**HOW TO COMPLETE THIS TASK:**
The following data needs to be repeated exactly, with all images excluded.

**DATASET CONTENT:**
+++

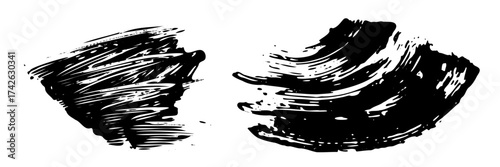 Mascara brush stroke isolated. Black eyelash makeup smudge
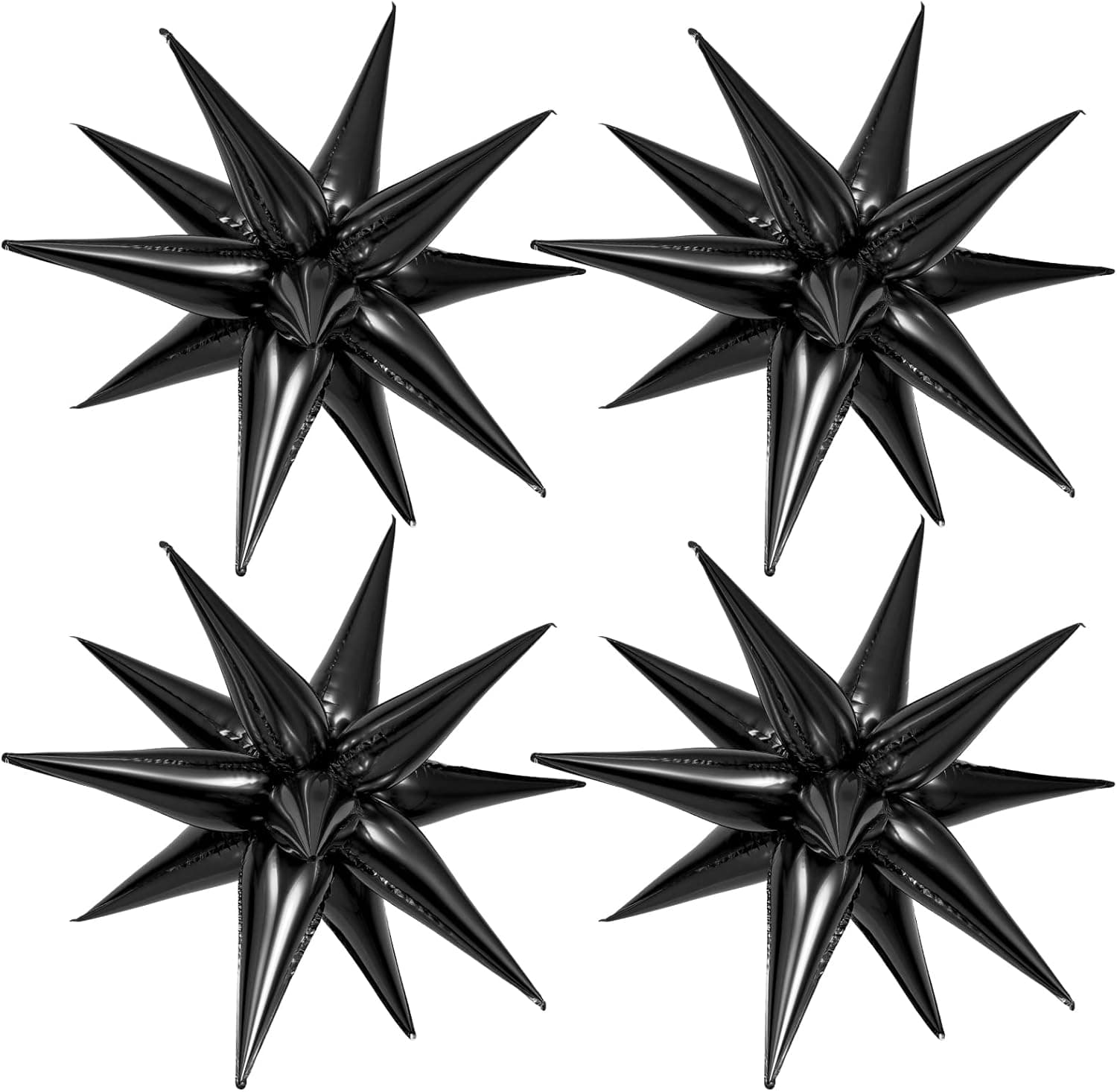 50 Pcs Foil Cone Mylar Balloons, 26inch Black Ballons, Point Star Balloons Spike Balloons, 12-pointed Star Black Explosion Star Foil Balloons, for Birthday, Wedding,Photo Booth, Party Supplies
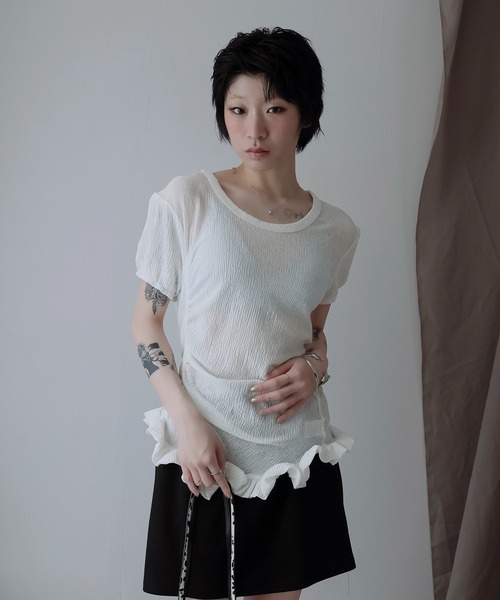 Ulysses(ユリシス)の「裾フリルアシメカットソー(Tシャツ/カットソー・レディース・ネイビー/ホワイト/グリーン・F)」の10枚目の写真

+++

**RESULT OF THE TASK:**
 Mascara brush stroke isolated. Black eyelash makeup smudge
 50 Pcs Foil Cone Mylar Balloons, 26inch Black Ballons, Point Star Balloons Spike Balloons, 12-pointed Star Black Explosion Star Foil Balloons, for Birthday, Wedding,Photo Booth, Party Supplies
 Ulysses(ユリシス)の「裾フリルアシメカットソー(Tシャツ/カットソー・レディース・ネイビー/ホワイト/グリーン・F)」の10枚目の写真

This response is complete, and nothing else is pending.